Some of these consequences of the hindsight and result bias are difficult to bear for the persons involved in incidents. On the one hand, in combination with the WYSIATI rule, they cause judgmental superiors to fail to do justice to the people involved and the situation they were experiencing. This corrosively undermines the relationship and mutual trust. Second, they prevent managers from taking responsibility for the organization and working to improve the system because they believe they know the root causes. Much is gained if leaders are aware of these effects. This helps them to overcome their negative impact and, for example, to see and understand the situation as it presented itself to those involved before the events took their course.

In my experience, it is therefore important in the context of safety culture development projects to give managers the opportunity to take a closer look at this robust and perfidious cognitive illusion. After all, we are reluctant to give up a notion that makes us believe we can grasp the unpredictability of the world. When we need to break away from the comforting "I've-always-known," we as leaders come face-to-face with loss of control. It's uncomfortable. It pays to have a coach by your side during such confrontations.

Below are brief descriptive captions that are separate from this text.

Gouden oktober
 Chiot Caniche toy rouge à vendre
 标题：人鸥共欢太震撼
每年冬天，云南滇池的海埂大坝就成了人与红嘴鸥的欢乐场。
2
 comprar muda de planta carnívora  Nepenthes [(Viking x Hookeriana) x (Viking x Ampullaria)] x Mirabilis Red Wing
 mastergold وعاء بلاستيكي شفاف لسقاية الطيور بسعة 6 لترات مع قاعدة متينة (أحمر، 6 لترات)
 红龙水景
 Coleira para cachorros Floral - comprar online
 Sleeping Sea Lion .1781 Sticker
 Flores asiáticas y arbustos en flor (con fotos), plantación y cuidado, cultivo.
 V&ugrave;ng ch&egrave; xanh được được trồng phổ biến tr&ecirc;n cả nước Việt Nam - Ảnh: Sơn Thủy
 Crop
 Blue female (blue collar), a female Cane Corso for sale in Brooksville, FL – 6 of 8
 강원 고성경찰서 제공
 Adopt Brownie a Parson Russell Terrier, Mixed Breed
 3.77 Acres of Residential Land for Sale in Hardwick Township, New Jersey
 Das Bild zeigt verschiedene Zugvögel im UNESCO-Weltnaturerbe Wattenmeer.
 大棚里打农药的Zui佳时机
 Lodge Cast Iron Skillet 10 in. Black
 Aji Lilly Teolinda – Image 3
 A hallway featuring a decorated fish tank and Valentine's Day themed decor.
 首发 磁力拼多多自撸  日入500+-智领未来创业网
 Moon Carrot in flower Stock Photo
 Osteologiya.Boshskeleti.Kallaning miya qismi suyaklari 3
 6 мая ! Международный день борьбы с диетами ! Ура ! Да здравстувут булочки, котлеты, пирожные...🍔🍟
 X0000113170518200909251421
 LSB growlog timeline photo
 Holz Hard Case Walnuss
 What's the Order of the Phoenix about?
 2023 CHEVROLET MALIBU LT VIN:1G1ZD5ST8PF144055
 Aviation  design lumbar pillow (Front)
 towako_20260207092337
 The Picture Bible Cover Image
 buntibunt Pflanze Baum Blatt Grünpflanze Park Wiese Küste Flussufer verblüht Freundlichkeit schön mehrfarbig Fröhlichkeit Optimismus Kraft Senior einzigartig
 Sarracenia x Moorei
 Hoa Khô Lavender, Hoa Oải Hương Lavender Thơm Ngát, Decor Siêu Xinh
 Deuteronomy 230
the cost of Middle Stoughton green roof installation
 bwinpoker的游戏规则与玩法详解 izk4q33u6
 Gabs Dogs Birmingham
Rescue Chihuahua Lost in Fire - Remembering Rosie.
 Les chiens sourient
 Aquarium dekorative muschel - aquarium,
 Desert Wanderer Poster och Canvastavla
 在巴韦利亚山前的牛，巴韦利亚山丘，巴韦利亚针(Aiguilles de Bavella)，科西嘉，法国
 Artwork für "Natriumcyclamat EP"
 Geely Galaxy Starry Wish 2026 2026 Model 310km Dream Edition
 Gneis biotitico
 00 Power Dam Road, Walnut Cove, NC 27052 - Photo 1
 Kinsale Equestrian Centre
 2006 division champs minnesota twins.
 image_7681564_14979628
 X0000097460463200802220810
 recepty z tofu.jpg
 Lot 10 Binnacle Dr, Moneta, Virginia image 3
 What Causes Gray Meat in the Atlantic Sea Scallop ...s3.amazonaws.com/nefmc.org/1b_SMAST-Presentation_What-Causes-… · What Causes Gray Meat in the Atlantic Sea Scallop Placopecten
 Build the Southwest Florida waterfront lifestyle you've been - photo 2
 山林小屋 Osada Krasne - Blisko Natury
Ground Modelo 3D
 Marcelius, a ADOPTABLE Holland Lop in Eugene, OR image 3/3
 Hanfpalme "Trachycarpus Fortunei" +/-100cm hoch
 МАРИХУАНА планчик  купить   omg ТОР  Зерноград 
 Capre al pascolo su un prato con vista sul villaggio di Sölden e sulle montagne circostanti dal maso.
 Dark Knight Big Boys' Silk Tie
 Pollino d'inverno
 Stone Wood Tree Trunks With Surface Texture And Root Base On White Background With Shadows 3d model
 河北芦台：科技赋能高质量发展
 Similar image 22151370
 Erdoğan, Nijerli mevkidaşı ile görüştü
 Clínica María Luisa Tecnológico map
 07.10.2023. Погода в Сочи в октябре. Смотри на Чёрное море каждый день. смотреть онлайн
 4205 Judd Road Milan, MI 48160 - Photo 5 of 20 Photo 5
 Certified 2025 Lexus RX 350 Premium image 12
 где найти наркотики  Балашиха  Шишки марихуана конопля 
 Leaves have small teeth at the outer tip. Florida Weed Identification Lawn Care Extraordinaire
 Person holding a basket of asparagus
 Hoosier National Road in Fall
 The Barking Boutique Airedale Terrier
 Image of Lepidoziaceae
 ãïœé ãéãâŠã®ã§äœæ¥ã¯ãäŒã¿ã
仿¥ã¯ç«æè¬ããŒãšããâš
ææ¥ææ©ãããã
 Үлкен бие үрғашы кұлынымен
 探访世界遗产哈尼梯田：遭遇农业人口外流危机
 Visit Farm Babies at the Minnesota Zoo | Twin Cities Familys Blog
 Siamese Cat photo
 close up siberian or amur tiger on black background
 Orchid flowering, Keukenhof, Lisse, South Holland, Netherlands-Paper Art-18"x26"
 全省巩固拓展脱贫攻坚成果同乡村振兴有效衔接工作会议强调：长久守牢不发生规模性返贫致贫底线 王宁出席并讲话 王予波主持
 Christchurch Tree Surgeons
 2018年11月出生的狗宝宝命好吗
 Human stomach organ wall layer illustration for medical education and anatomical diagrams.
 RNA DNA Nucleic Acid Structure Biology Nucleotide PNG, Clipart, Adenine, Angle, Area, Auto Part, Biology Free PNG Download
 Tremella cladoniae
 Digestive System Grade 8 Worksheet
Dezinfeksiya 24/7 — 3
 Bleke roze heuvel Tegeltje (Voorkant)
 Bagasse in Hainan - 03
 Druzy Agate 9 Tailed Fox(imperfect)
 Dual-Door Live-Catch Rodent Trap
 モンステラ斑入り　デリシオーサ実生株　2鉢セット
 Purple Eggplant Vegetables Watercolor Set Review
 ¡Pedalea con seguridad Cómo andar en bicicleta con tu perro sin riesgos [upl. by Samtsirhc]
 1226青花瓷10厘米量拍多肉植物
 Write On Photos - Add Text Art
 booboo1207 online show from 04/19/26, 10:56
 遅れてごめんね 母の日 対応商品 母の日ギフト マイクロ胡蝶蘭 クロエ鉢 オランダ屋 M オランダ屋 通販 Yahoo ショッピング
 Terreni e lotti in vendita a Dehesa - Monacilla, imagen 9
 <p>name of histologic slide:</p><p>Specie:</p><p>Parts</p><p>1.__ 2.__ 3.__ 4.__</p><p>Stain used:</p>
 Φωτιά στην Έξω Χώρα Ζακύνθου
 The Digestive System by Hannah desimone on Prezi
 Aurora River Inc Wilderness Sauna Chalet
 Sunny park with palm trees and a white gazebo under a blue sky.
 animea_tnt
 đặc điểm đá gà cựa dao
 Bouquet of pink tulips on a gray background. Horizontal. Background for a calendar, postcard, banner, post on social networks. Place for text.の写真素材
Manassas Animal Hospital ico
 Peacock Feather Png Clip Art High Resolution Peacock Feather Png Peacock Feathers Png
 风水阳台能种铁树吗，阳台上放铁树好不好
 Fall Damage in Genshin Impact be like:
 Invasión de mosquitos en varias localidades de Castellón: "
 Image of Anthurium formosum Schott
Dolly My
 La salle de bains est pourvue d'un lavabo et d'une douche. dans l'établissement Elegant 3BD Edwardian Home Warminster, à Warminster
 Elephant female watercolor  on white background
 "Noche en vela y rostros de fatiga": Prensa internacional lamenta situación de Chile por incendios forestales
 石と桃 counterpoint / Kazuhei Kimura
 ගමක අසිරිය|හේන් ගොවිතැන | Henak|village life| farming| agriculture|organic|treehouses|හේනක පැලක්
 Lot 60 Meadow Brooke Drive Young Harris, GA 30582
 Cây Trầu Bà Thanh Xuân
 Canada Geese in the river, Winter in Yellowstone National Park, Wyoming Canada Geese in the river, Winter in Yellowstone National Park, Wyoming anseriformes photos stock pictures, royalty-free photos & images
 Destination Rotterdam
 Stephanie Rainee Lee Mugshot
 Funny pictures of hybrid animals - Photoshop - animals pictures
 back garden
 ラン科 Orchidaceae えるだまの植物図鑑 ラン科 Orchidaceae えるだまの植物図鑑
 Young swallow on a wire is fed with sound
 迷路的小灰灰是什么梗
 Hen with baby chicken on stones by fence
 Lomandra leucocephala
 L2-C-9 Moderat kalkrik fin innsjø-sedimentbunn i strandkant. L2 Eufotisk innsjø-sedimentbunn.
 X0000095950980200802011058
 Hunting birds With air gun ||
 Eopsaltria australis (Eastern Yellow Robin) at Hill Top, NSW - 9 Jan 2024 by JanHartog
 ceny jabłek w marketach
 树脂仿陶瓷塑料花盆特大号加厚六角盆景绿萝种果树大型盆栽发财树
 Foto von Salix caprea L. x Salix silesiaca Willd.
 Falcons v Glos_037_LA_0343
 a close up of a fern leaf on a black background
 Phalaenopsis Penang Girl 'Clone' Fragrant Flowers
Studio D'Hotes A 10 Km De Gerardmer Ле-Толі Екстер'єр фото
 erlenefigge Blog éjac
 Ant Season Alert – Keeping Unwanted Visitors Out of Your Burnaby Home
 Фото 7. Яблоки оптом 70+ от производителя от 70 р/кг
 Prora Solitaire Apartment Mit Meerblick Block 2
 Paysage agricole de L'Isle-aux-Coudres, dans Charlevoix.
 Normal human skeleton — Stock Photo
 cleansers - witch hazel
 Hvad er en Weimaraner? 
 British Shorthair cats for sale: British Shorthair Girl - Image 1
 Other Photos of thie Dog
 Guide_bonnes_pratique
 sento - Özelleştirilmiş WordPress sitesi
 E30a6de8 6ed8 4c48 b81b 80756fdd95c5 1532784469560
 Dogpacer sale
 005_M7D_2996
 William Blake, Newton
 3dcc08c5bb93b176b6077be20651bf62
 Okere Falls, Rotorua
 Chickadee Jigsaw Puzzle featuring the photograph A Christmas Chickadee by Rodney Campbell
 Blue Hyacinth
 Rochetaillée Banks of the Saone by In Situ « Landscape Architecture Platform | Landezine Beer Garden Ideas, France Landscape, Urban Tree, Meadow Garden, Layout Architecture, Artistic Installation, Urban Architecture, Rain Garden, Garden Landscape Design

The highest and most important commandment in connection with the hindsight and result bias is never to judge the quality of a decision by its outcome. But always by the quality of the process that led to the decision or action. Seen in this light, it would be correct for managers who have made high profits by taking too much risk, but who can only owe these profits to luck, to be sanctioned by their superiors. But because we are subject to the hindsight and outcome fallacy, we tend to attribute a sense of success to such managers. All those who doubt happiness-addled momentary luminaries are labeled mediocre, timid, and weak in light of the success they claim for themselves. This reflection illustrates to us the persistence of the hindsight and outcome fallacy. As leaders, we are challenged to counter it with consistent self-leadership. Those who set out to anchor a safety culture in the company are challenged to start with themselves.

Note

This call is not only addressed to executives, but in particular to prosecutors and judges. They are always in the position of the retrospective. The hindsight bias helps the prosecuting party to present a coherent story, which may or may not coincide with reality. The effect of "it was obvious (given the harm) that the defendant took too great a risk" works great with the judging public as well as with many judges. It is good to know that there are increasingly judges who can successfully resist this perfidious distortion of perception. What is difficult for judges, on the other hand, is the fact that criminal law does not primarily focus on the courses of action and decision-making processes that led to the damage, but on the magnitude of the damage. It would be time for our legislators to balance the two orientations here.